··· Source records

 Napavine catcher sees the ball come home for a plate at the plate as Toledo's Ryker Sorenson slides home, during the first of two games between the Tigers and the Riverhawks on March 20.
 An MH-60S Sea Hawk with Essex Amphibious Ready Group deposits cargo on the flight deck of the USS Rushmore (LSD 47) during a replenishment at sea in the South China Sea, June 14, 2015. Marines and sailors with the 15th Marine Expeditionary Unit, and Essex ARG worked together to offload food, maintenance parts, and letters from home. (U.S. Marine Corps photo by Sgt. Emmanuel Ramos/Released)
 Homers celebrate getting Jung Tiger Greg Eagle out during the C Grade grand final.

······
··· Source records

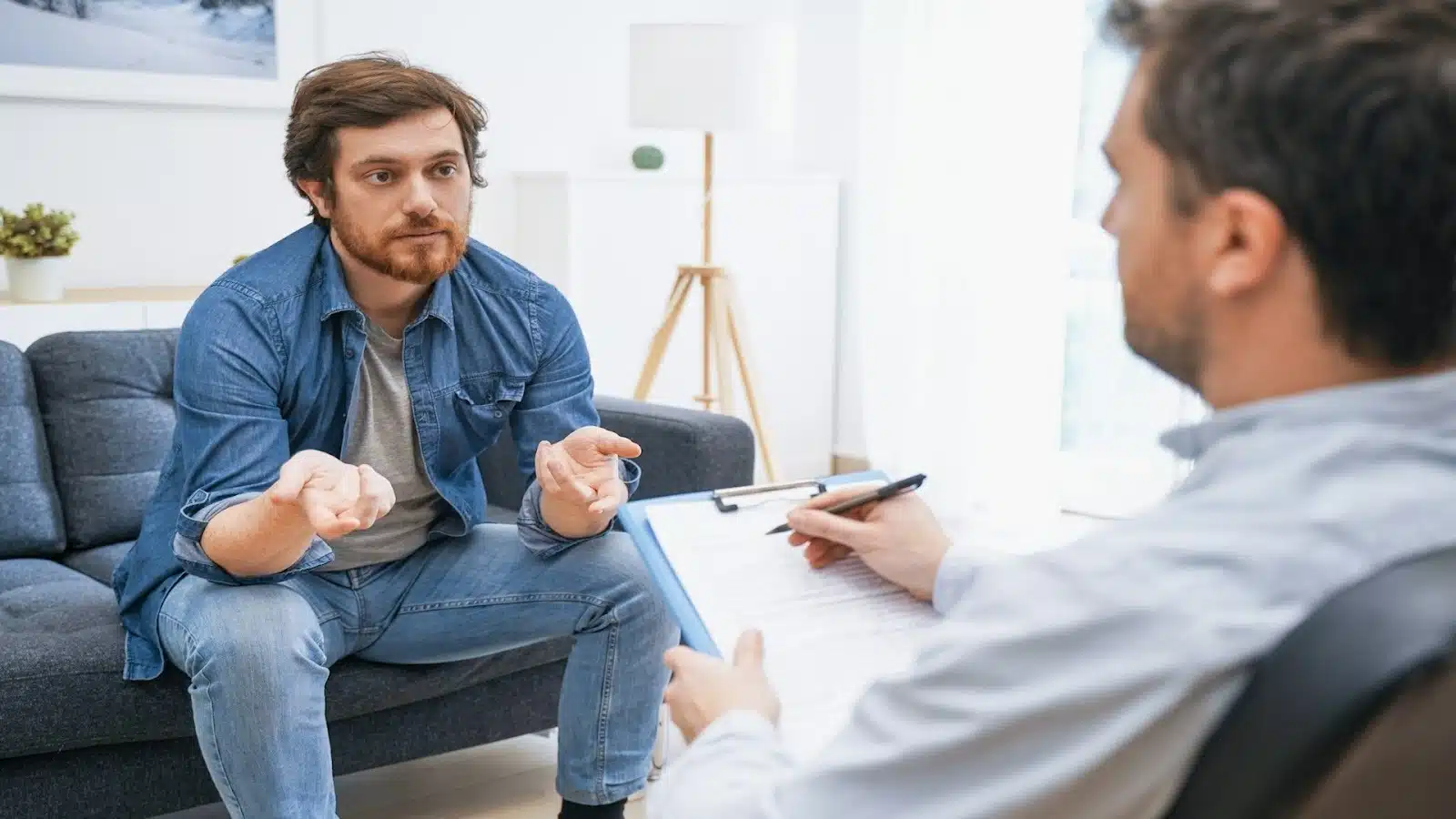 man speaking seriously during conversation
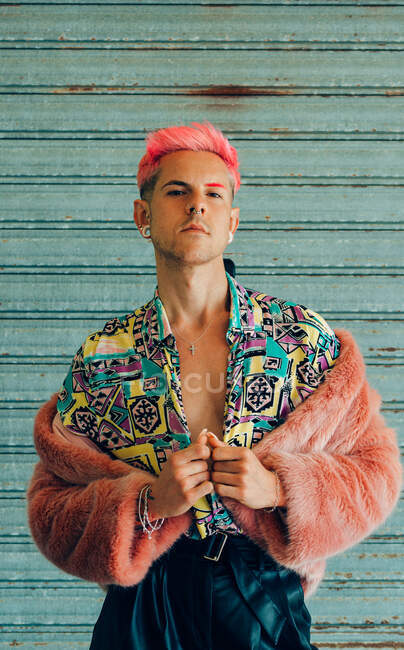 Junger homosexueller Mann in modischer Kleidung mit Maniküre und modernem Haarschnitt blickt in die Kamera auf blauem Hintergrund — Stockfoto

······
··· Source records

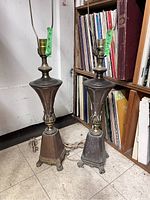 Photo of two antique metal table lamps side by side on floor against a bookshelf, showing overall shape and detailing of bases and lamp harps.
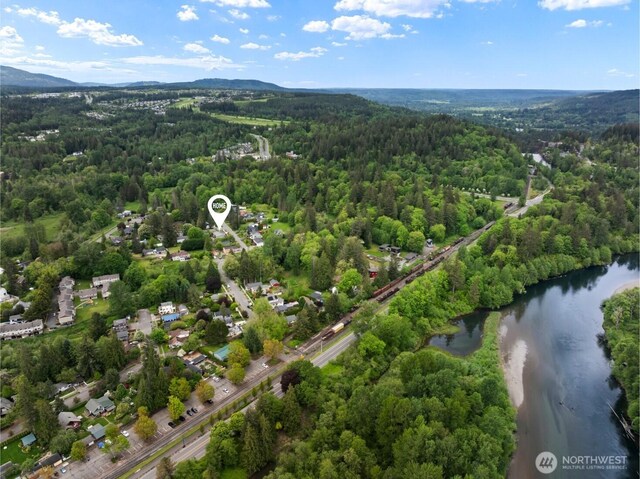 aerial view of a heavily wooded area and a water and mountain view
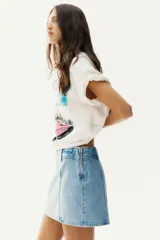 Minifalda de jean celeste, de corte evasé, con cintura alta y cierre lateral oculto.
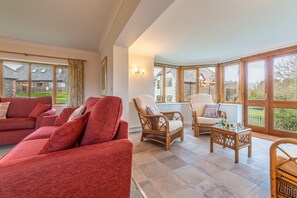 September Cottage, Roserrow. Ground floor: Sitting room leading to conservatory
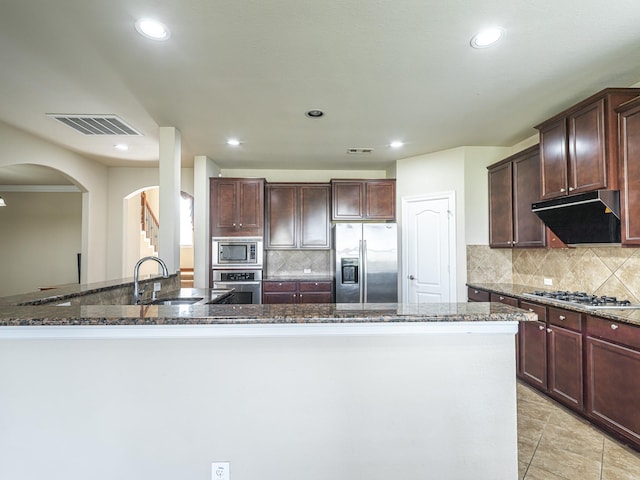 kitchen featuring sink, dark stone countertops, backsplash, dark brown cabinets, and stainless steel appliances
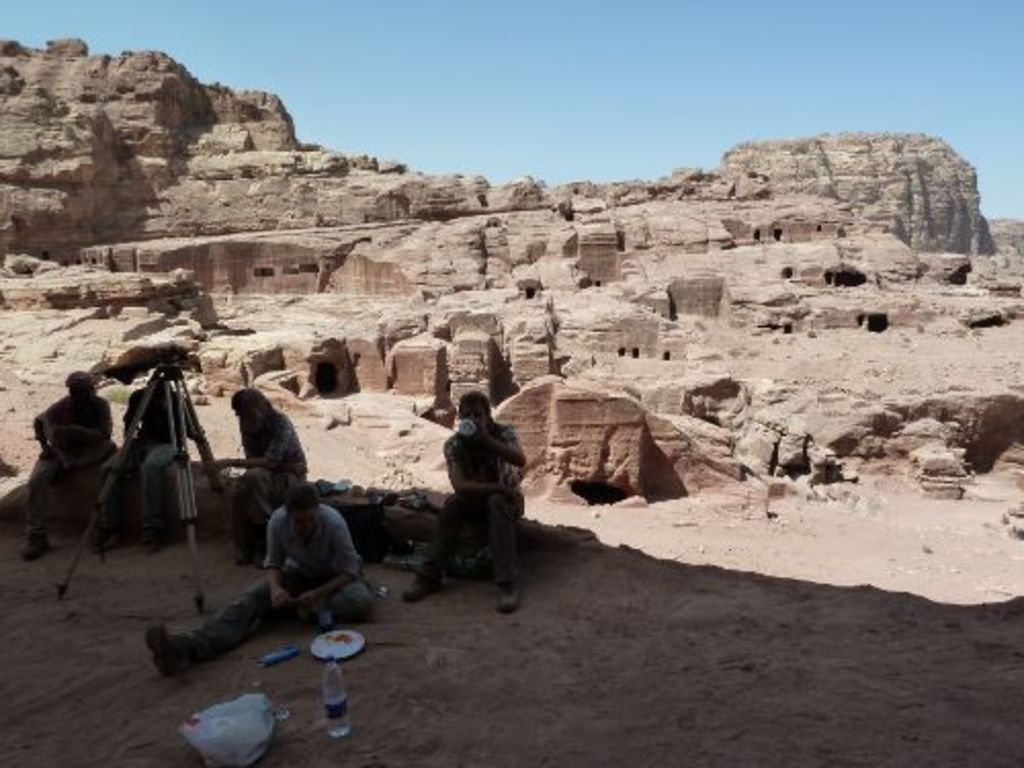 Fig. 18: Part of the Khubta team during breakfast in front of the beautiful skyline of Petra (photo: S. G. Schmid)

······

From the line containing "An MH-60S Sea" down to the line containing "Homers celebrate getting" in the material above, reproduce every line exactly, including the two end lines.

 An MH-60S Sea Hawk with Essex Amphibious Ready Group deposits cargo on the flight deck of the USS Rushmore (LSD 47) during a replenishment at sea in the South China Sea, June 14, 2015. Marines and sailors with the 15th Marine Expeditionary Unit, and Essex ARG worked together to offload food, maintenance parts, and letters from home. (U.S. Marine Corps photo by Sgt. Emmanuel Ramos/Released)
 Homers celebrate getting Jung Tiger Greg Eagle out during the C Grade grand final.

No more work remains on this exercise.